Exercise in exact copying: restate word for word only the lines below from the one containing "US Water Filters 30" through the one containing "Short Layered Cut", omitting any pictures.

* [Supplied data]
★ ★ ★

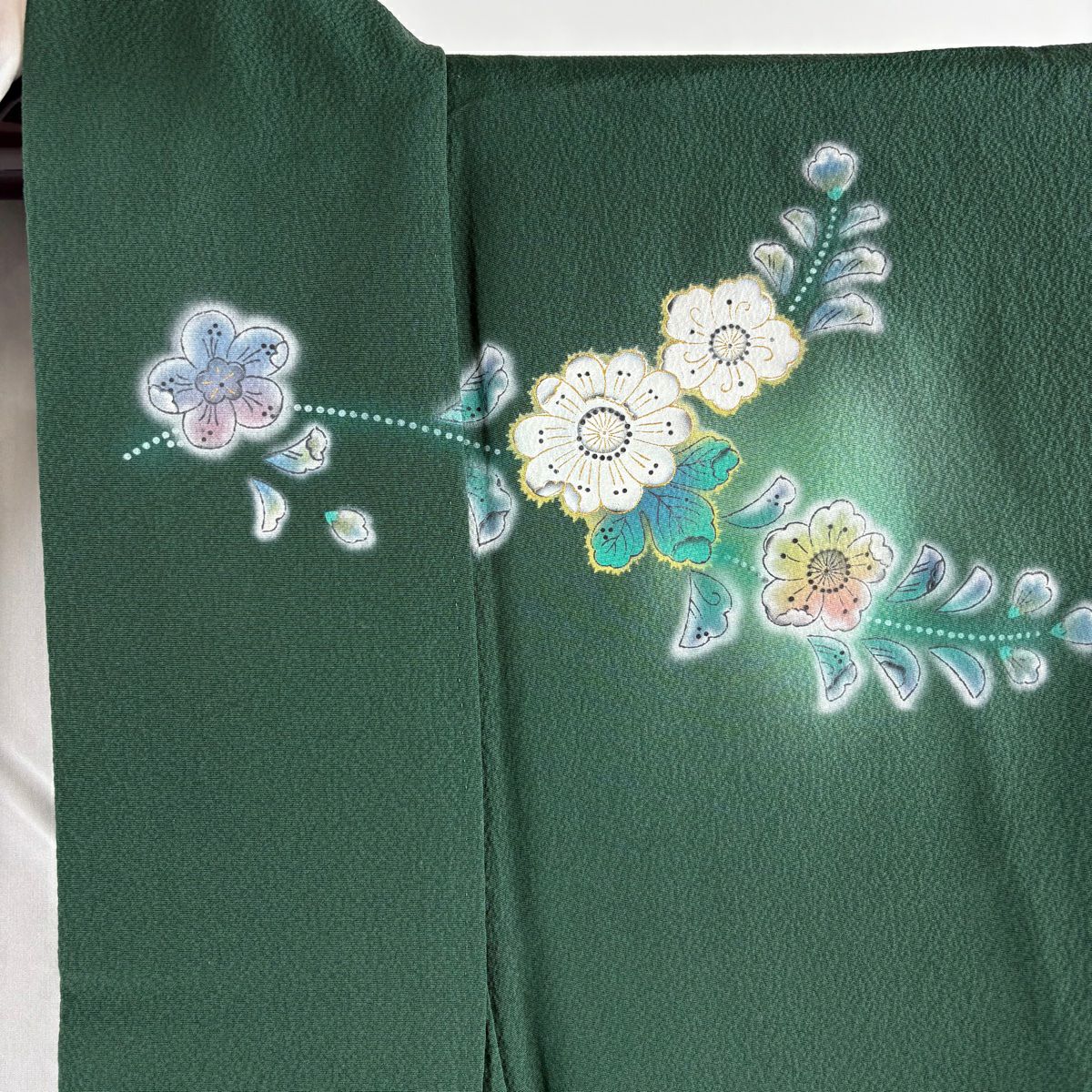 【庫存清倉】訪問服 身長158cm 袖長64.5cm M 雙層 藤本隆士 落款あり 辻花染 螺鈿 金銀彩 綠 純蠶絲 逸品級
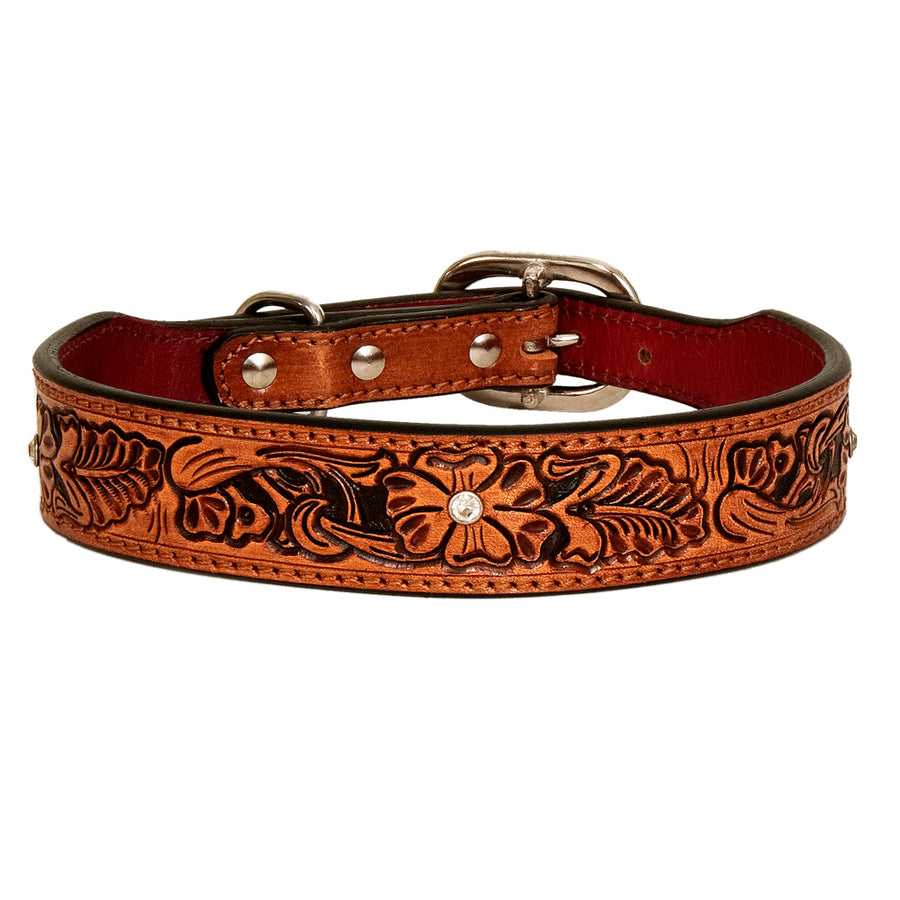 Medium Strong Genuine Leather Dog Collar Hand Tooled Hilason - Uhorse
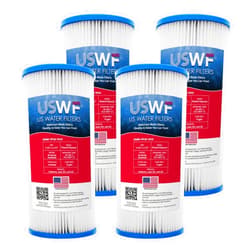 US Water Filters 30 Micron 10 Inch x 4.5 Inch | 4-Pack Pleated Polyester Whole House Sediment Replacement Cartridge | Compatible with Pentek R30-BB, Hydronix SPC-45-1030 | Made in the USA, US Water Filters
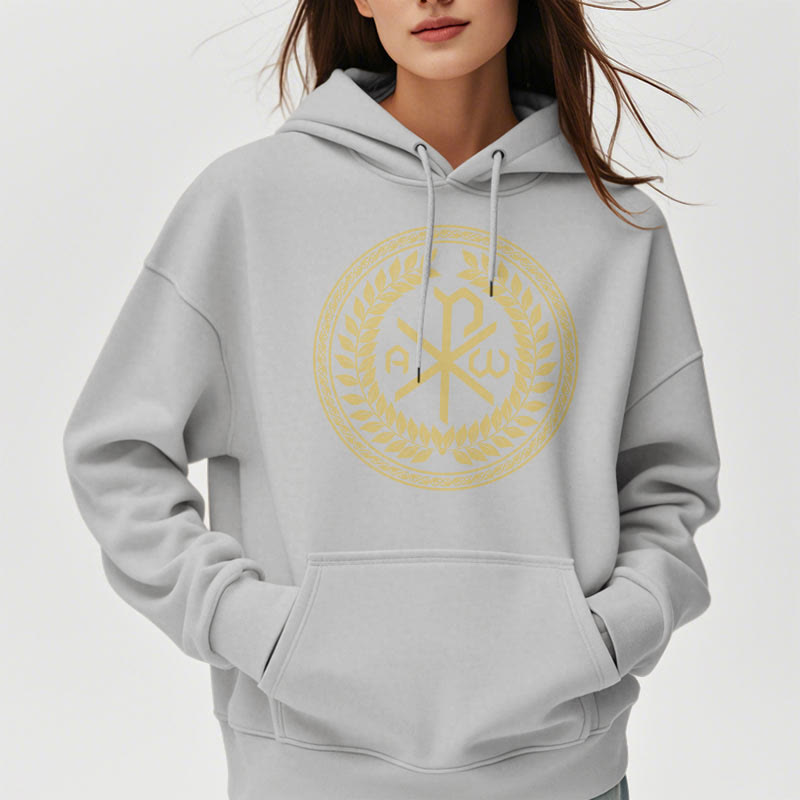 Christianartworkshop Classic Style Sacred Chi-rho Emblem Laurel Wreath Fleece Lined Polyester Hoodie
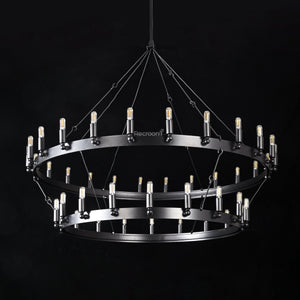 Caminon Vintage Filament Two-Tier Chandelier 50" - Zonesus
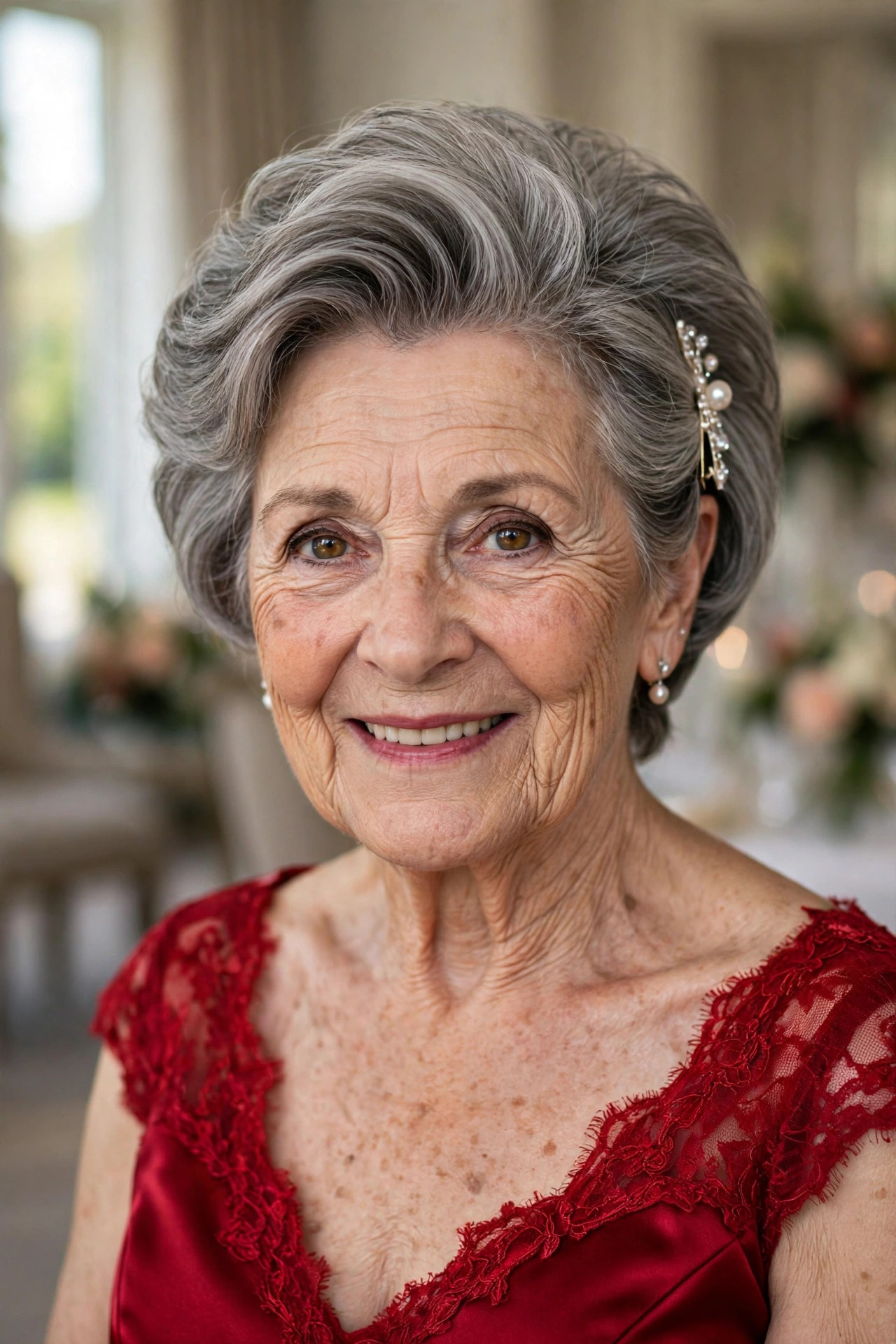 Short Layered Cut with a Polished Blowout and Pinned Side wedding guest hairstyle for a woman over 60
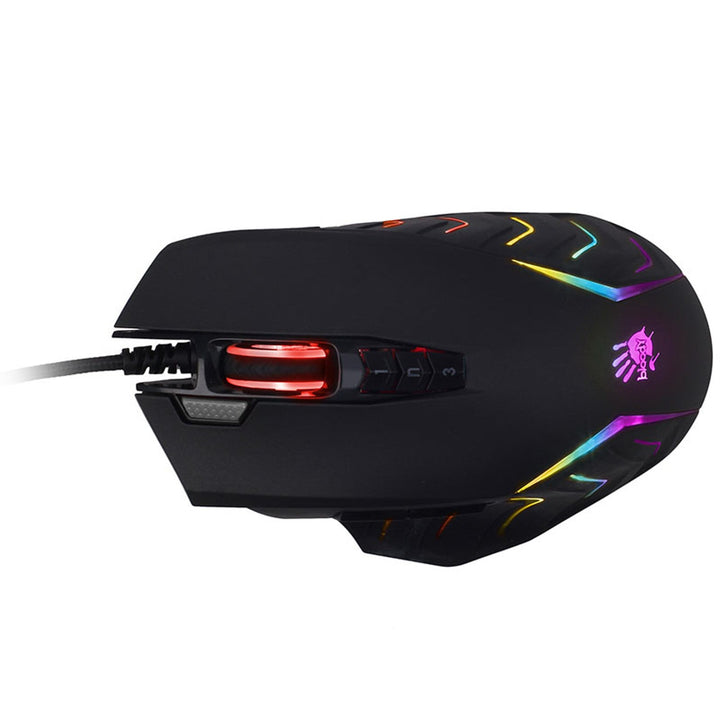 A4TECH геймърска мишка, USB, 8000 DPI, метални плъзгачи, J95 RGB Pixart (активирана)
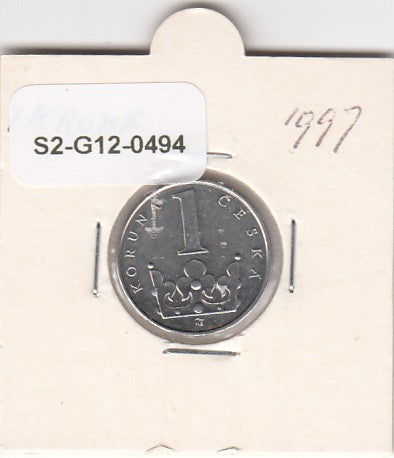 S2-G12-0494 Czech Republic 1 Korun XF 1997 KM7 b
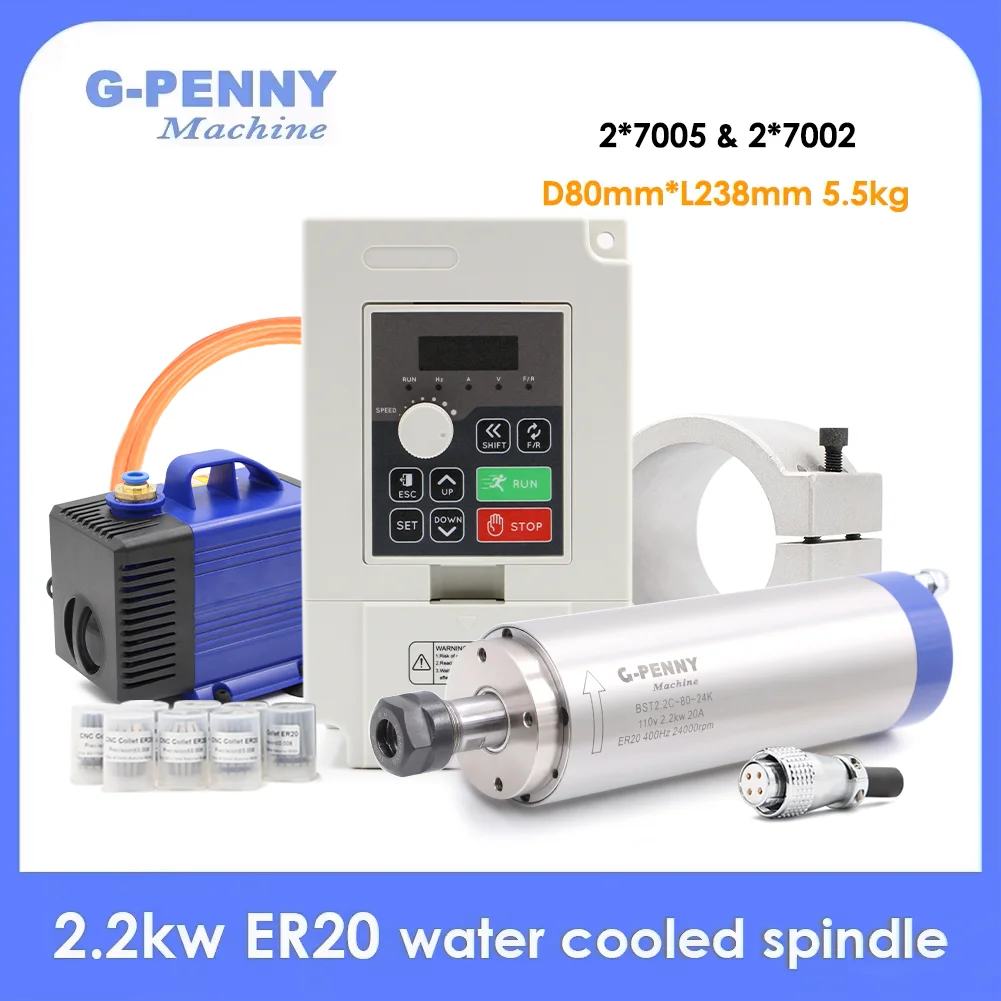 G-Penny 220V 2,2kW ER20 80mm Wassergekühlter Spindelmotor-Kit mit Keramikkugellager und 2,2kW H100 Wechselrichter für CNC-Fräsmaschine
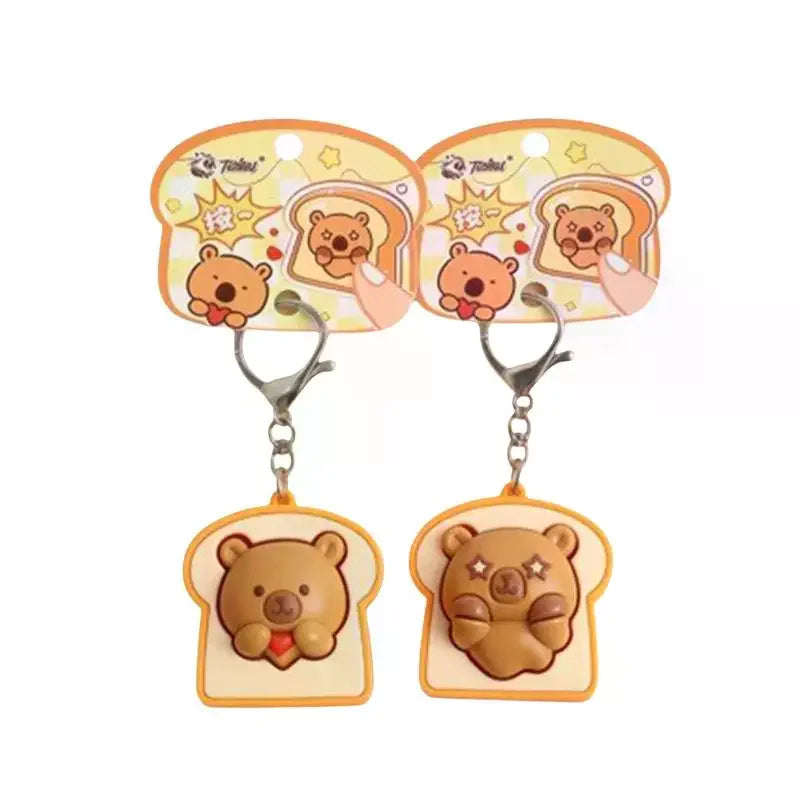 Mini Steamed Bun Squeeze Keychain Stress Relief Soft Squishy Slow Rebound Decompression Pocket Toy
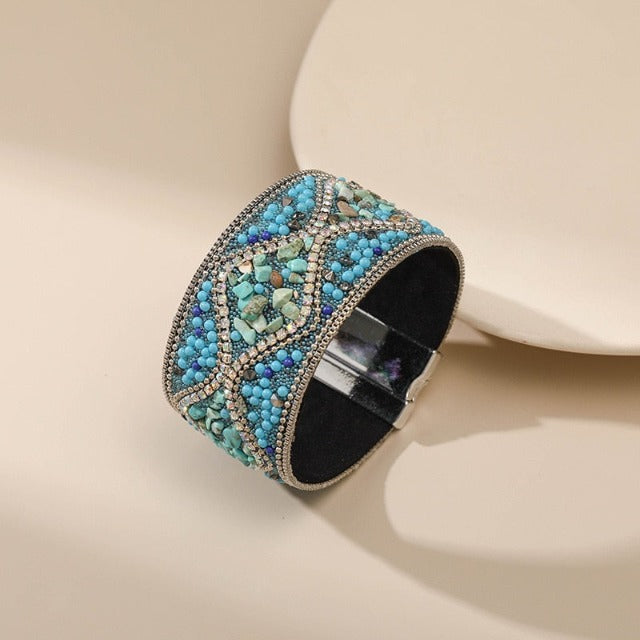 Pulsera Brazalete de Piedra Natural para Mujer turquesa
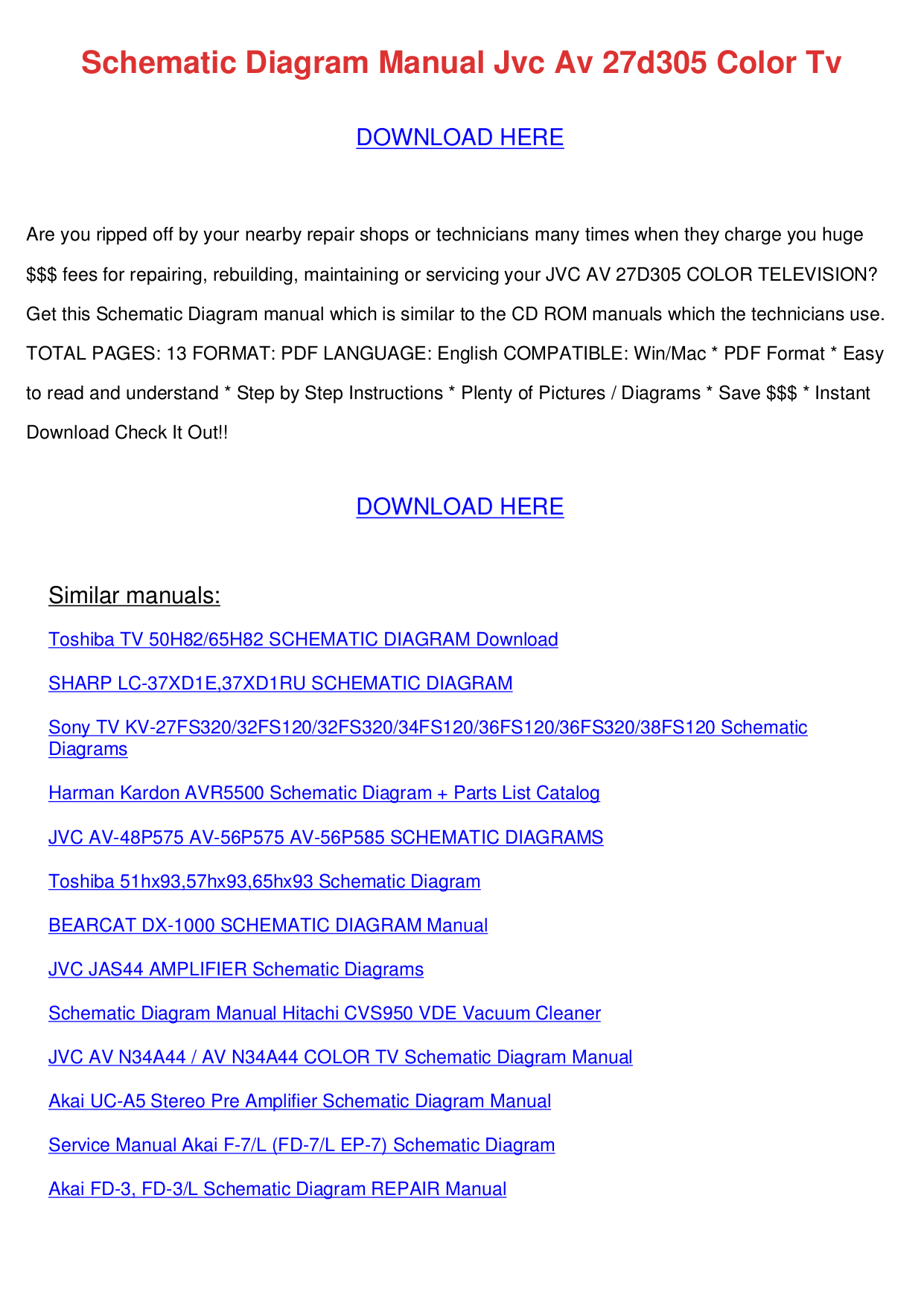 Jvc Av 56p585 Tvs Owners Manual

★ ★ ★

* [Answer box]
 US Water Filters 30 Micron 10 Inch x 4.5 Inch | 4-Pack Pleated Polyester Whole House Sediment Replacement Cartridge | Compatible with Pentek R30-BB, Hydronix SPC-45-1030 | Made in the USA, US Water Filters
 Christianartworkshop Classic Style Sacred Chi-rho Emblem Laurel Wreath Fleece Lined Polyester Hoodie
 Caminon Vintage Filament Two-Tier Chandelier 50" - Zonesus
 Short Layered Cut with a Polished Blowout and Pinned Side wedding guest hairstyle for a woman over 60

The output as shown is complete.